> _PROBLEM TO SOLVE_
Print the records below exactly, from the line containing "Okiyo Heiwa Bamboo" down to the line containing "CT license plate AC76751", both lines included, and omit every picture.

> _DATA EXTRACTS_
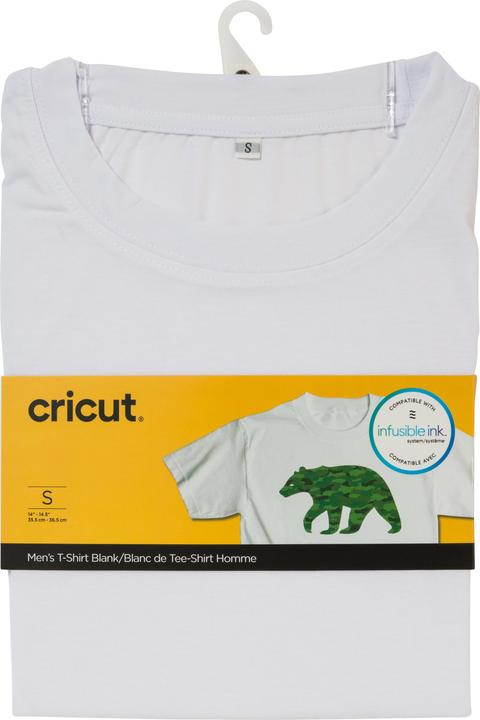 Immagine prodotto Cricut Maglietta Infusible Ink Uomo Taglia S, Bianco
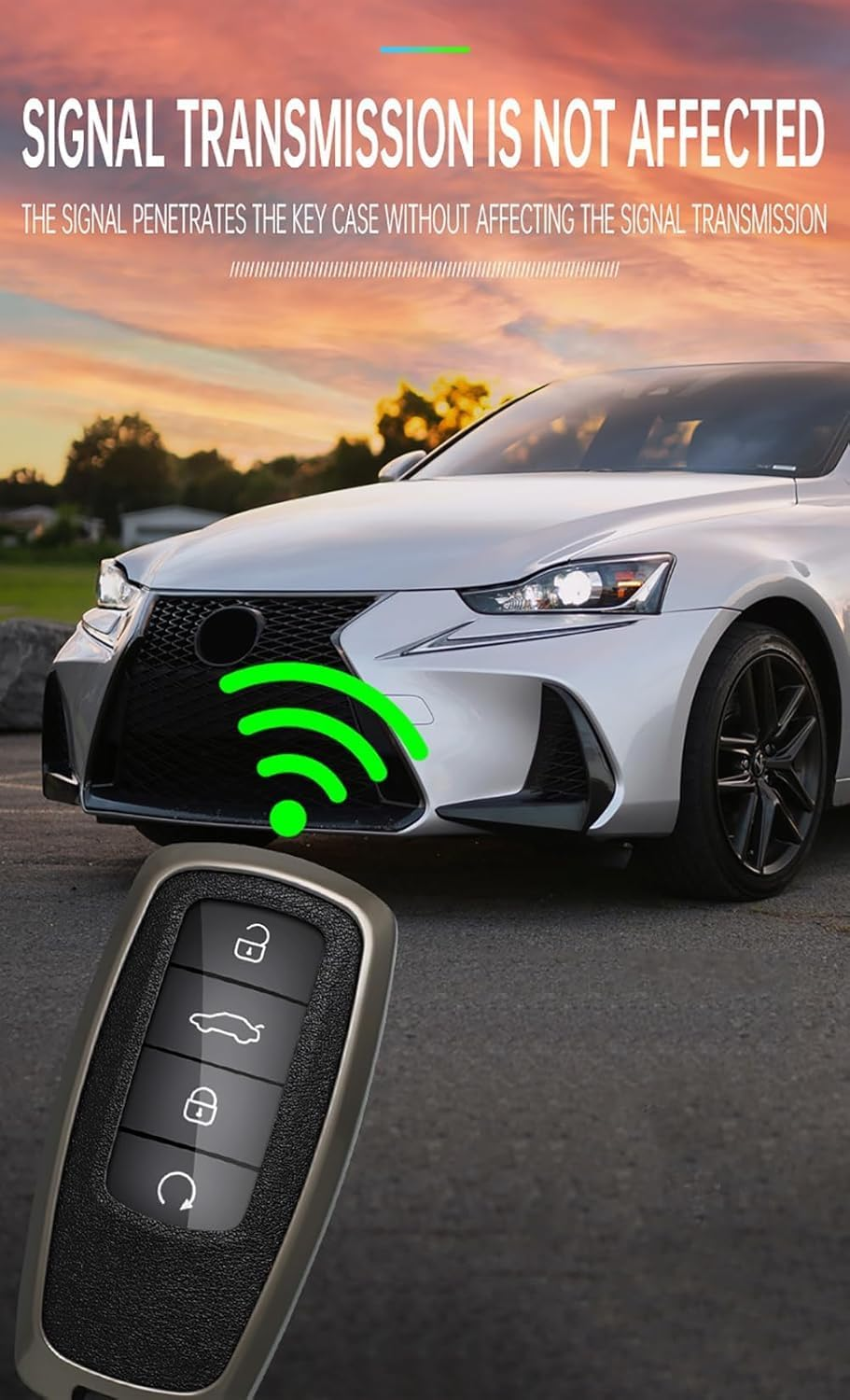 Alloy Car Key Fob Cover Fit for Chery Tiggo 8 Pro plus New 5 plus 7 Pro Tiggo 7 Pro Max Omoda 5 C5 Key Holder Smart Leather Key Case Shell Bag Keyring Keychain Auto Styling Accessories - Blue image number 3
...
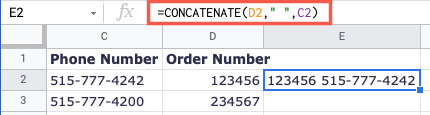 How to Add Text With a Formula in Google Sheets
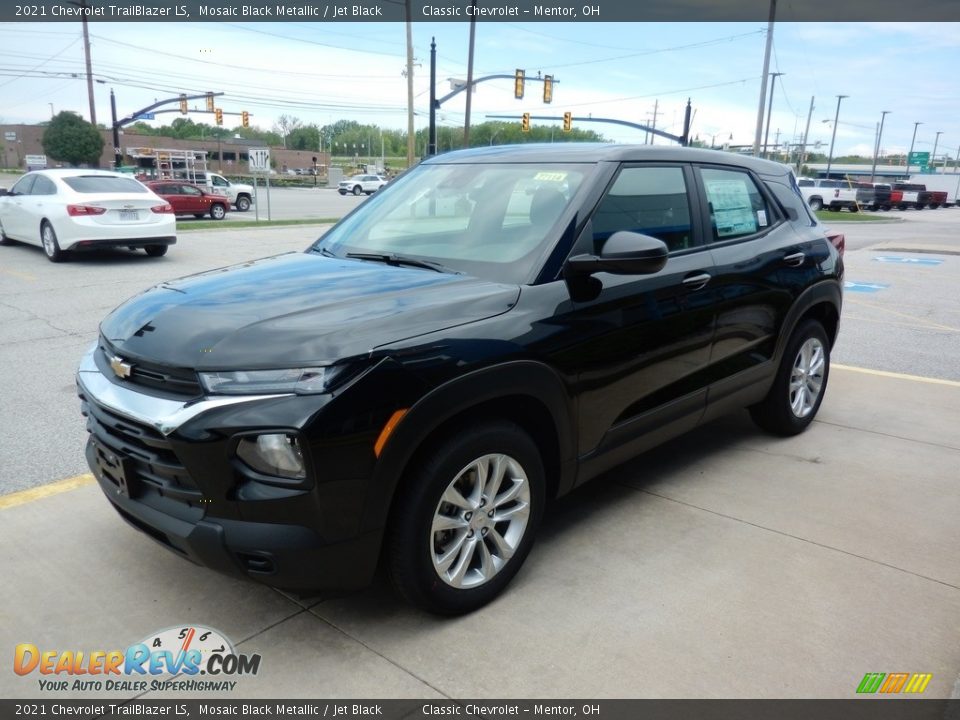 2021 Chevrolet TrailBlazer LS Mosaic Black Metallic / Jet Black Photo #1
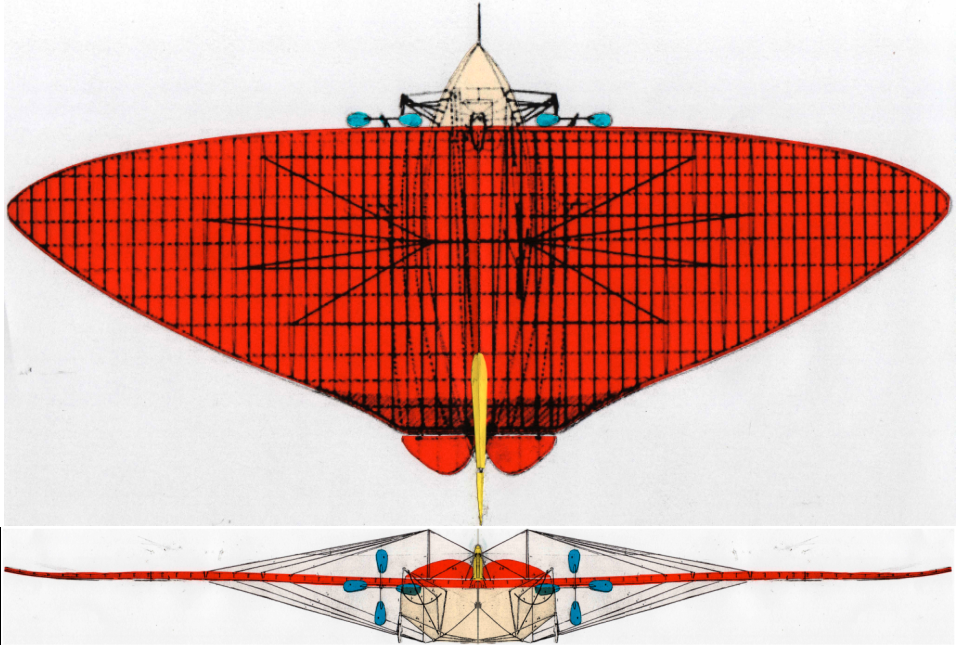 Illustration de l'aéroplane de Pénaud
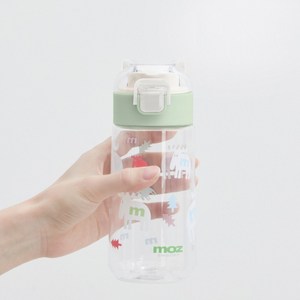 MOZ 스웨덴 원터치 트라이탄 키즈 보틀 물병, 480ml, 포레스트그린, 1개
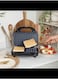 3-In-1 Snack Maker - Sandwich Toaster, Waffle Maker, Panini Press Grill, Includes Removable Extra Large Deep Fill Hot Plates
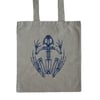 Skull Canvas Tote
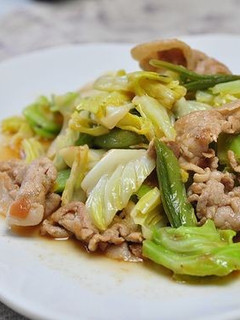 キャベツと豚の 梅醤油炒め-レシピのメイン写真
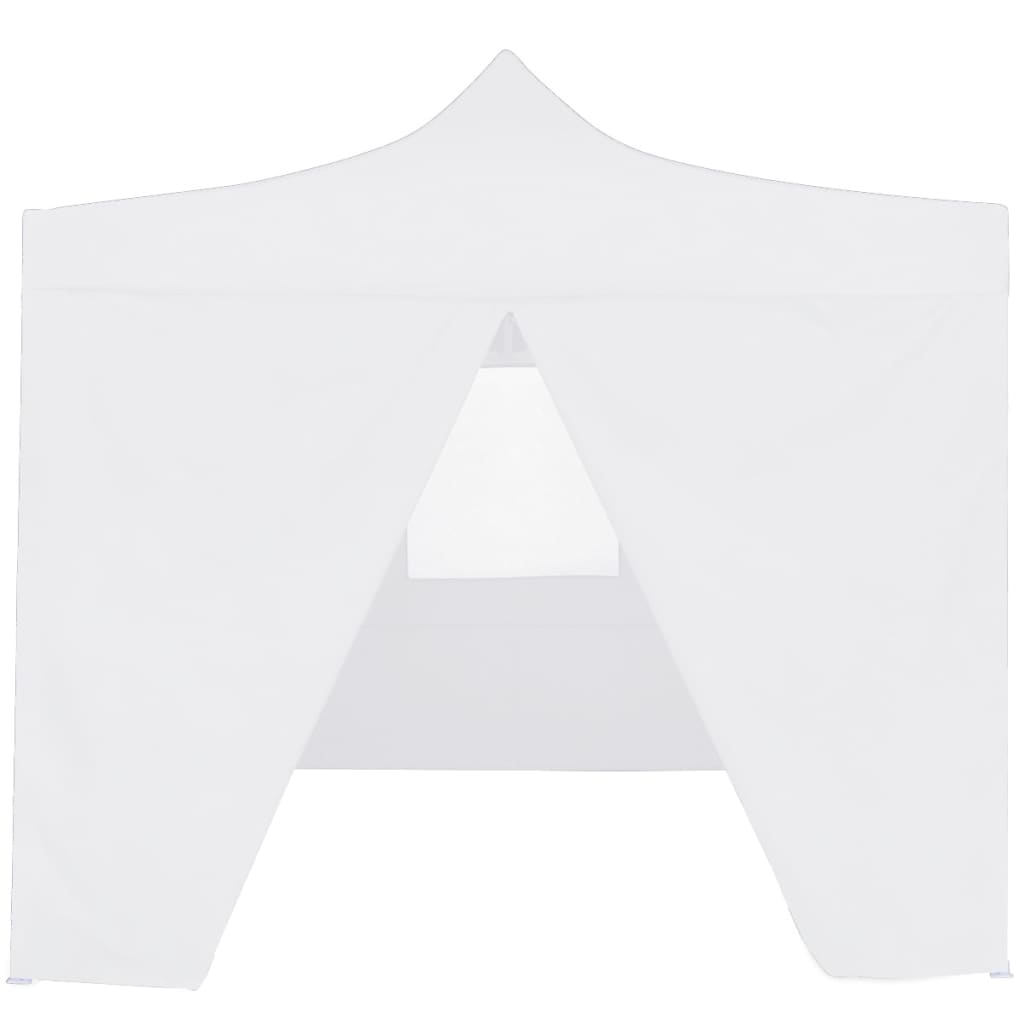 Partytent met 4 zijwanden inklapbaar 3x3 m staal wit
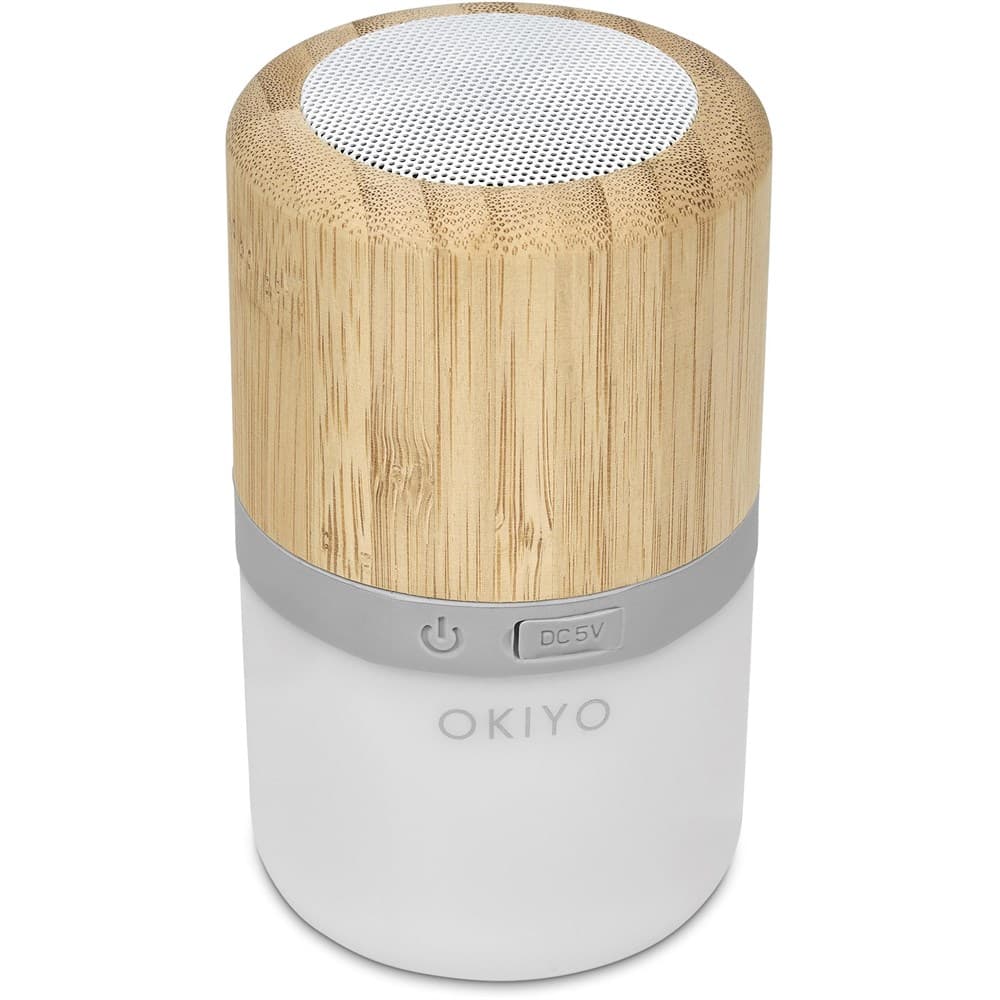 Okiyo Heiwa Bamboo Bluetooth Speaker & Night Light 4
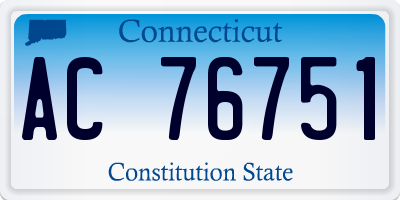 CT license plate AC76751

> _EXERCISE RESULT_
 Okiyo Heiwa Bamboo Bluetooth Speaker & Night Light 4
 CT license plate AC76751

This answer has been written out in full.